Imagem: Flickr/Jon S


Uma das questões mais importantes criadas pela onipresença da internet e das redes sociais é o problema das notícias falsas. Ao longo dos anos 2000 diversos casos de boatos espalhados de maneira eletrônica têm servido como anedota para o ‘admirável mundo novo’ em que vivemos. Pior que isso, as mentiras às vezes custam a vida de uma pessoa.


As chamadas “fake news” tiveram papel essencial em duas das maiores democracias do mundo, nos EUA e no Reino Unido. Informações falsas conseguiram influenciar a percepção de uma parcela dos eleitores e podem ter mudado os resultados da votação do Brexit e favorecido a candidatura de Donald Trump, eleito presidente.


Depois de episódios tão icônicos, as principais empresas de tecnologia do mundo anunciaram que combateriam as notícias falsas com rigor. Embora ainda seja cedo para avaliar a eficácia das iniciativas, é possível dizer que as “fake news” estão se tornando rapidamente um problema inescapável para corporações, governos, partidos e para a sociedade de maneira geral.

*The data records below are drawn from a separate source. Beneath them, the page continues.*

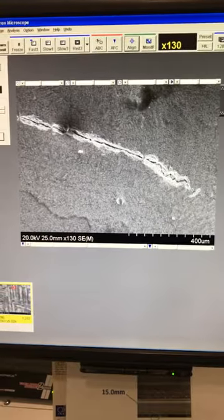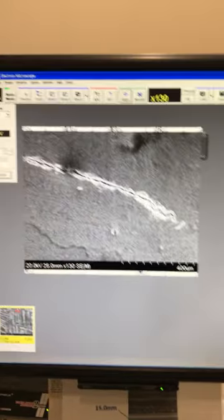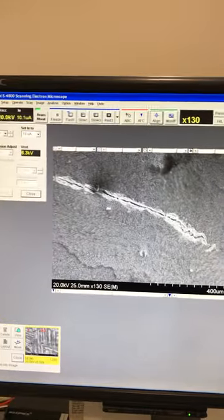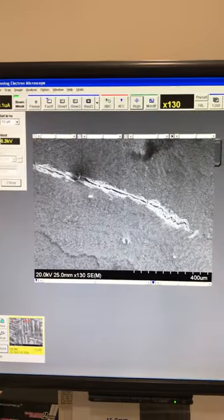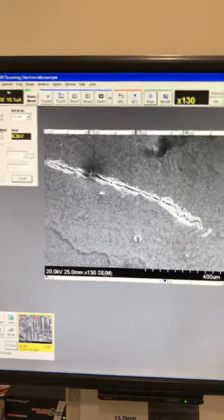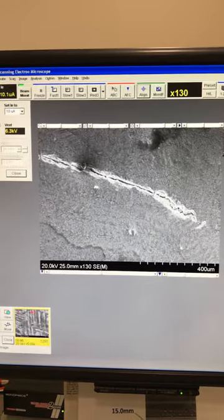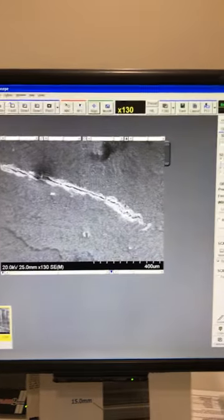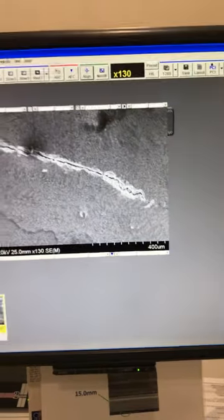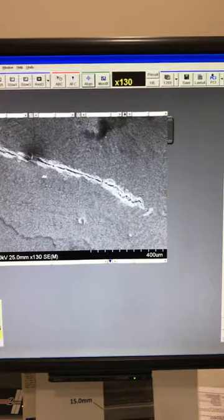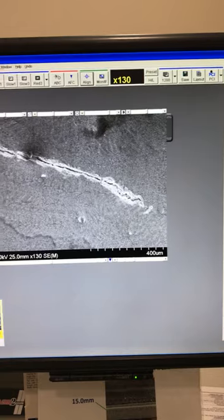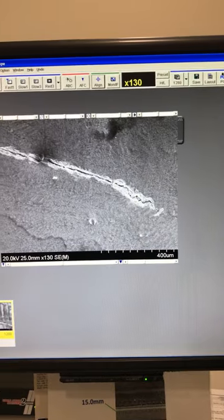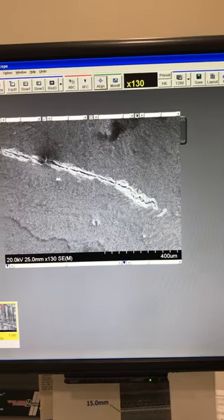I'm going to talk about detectors available on this microscope. We have two different detectors available, two secondary and one backscatter. I will start with the secondary electrons to show you the difference.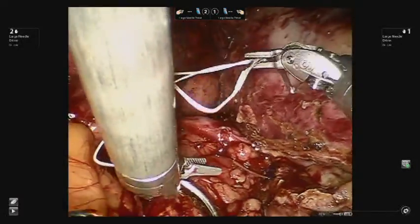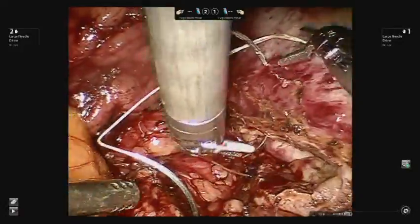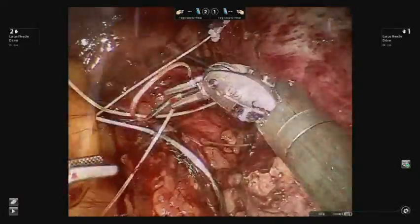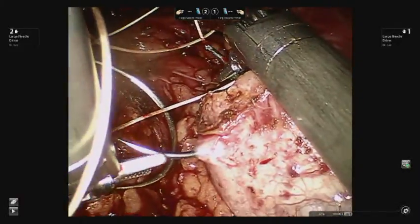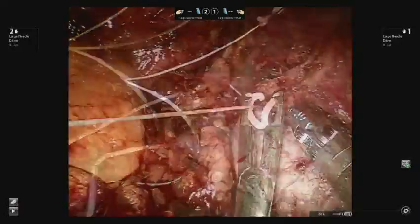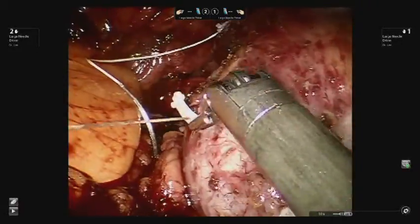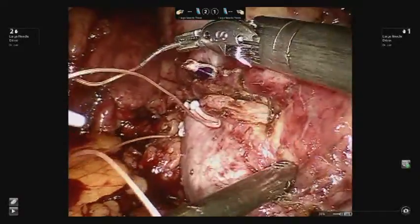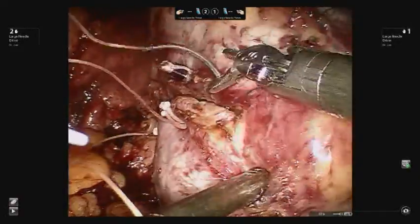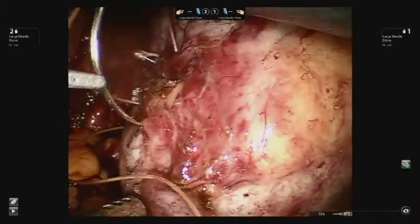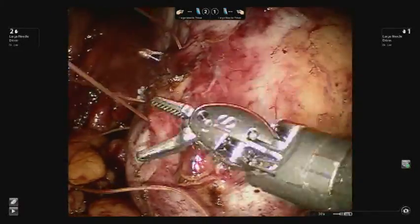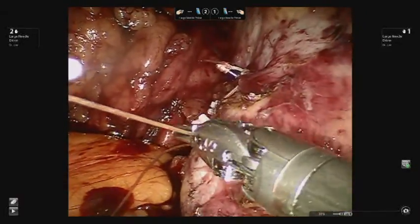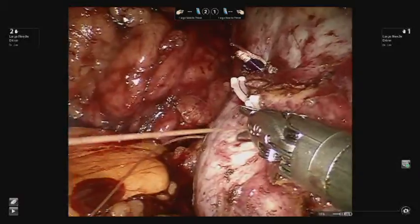A double-arm zero Vicryl suture is used to reconstruct the renal capsule using the sliding Hem-o-lok clip technique. Visual cues regarding the compression of the renal parenchyma are observed with dimpling of the surface of the capsule.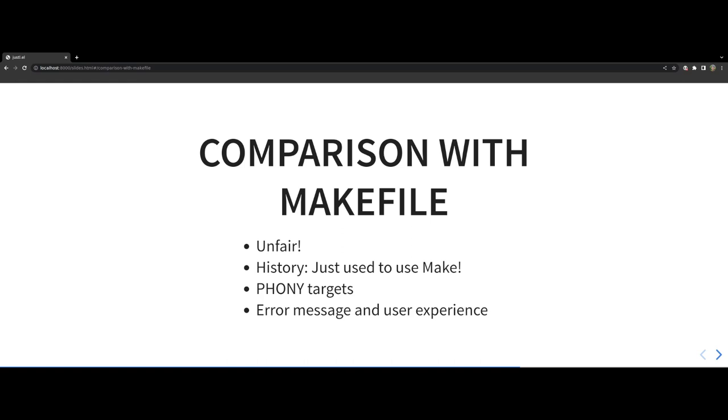JustFile also gives you the ability to easily create scripts written in any language within a recipe. My personal opinion is that if you are using Makefile as a task runner, you might want to check out JustFile to see if it will suit your workflow.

Um reforço importante nessa luta está vindo da ciência. Pesquisadores de diversas áreas estão se mobilizando para entender os mecanismos que levam as informações falsas a se espalharem. Uma pesquisa da Universidade de Indiana mostrou que um dos culpados por essa facilidade de multiplicação é o excesso de informação.


Competição acirrada pela atenção

O bombardeio constante de textos, vídeos, tweets, memes, músicas, debilita a capacidade de discernimento dos cidadãos. Segundo Filippo Menczer, cientista da computação e líder da pesquisa, “a competição é tão acirrada que as coisas boas não conseguem chegar ao topo”.

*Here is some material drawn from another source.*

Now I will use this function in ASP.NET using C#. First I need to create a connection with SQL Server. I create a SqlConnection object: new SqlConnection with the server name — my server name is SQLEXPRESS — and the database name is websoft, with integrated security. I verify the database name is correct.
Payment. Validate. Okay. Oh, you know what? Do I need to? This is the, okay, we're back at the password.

Ele e outros pesquisadores estão identificando outros dois fatores importantes na formação dessa estrutura de enganação online. Além do excesso de informação, a falta de tempo para selecionar bons conteúdos e a estrutura das redes sociais ajudam a explicar a questão.

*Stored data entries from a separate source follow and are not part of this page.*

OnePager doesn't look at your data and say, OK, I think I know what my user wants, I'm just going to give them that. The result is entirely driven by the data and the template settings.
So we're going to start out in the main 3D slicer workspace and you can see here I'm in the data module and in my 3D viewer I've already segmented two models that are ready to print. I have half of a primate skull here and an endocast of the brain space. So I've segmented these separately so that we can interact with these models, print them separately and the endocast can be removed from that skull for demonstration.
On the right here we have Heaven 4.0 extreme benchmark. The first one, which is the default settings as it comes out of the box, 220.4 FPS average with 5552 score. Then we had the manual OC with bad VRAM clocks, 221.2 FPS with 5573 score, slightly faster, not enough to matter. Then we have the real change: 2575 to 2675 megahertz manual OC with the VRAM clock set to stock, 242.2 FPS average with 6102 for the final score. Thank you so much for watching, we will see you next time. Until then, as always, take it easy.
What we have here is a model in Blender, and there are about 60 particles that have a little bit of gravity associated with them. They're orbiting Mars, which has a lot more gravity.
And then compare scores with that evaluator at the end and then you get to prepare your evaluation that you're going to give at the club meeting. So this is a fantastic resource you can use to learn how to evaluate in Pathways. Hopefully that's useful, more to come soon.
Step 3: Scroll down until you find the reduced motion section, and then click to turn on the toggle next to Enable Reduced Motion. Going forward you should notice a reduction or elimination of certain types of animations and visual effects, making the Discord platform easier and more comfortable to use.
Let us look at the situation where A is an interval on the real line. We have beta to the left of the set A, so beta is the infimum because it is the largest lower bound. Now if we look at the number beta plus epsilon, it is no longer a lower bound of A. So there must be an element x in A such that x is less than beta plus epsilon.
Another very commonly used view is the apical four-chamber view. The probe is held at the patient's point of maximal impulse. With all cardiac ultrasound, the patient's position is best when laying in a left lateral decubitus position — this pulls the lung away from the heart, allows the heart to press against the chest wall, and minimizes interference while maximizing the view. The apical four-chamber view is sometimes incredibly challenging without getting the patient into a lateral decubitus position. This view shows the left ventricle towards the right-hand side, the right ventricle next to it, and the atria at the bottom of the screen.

Estudos descobriram que a popularidade de um determinado conteúdo, não importa quão absurdo seja, tem papel determinante no seu potencial de “espalhamento”. Se algo aparece uma vez na sua timeline, você provavelmente não levará aquilo a sério. Mas se dezenas e dezenas de amigos postam aquela suposta informação, não apenas você estará mais propenso a compartilhá-la também, como passará a ver aquilo como uma possível verdade.

Pesquisa da Universidade de Indiana mostrou que o excesso de informação ajuda as notícias falsas a se multiplicarem

As pesquisas ainda estão engatinhando, por isso os resultados não podem ser considerados definitivos. Mas mesmo esses achados parciais começam a jogar um pouco de luz na natureza das notícias falsas. Elas se fortalecem em aspectos do nosso mundo que antes pensávamos ser apenas positivos. A aparente abundância de informação, a possibilidade de receber conteúdo sem nenhum tipo de mediação e a liberdade para construir grupos de distribuição independentes.


Talvez seja preciso repensar na maneira pela qual consumimos notícias. Será que a ausência completa de editores e curadores é a melhor saída a longo prazo? Será que não será necessário escolher certos atores para que sejam autoridades em informação na rede? Ou talvez um sistema público de verificação (baseado em protocolos abertos, por exemplo), que permitem verificar a autoridade de um site, blog, youtuber, tuiteiro, facebooker?

Ainda não temos respostas satisfatórias, mas as perguntas são importantes e intrigantes.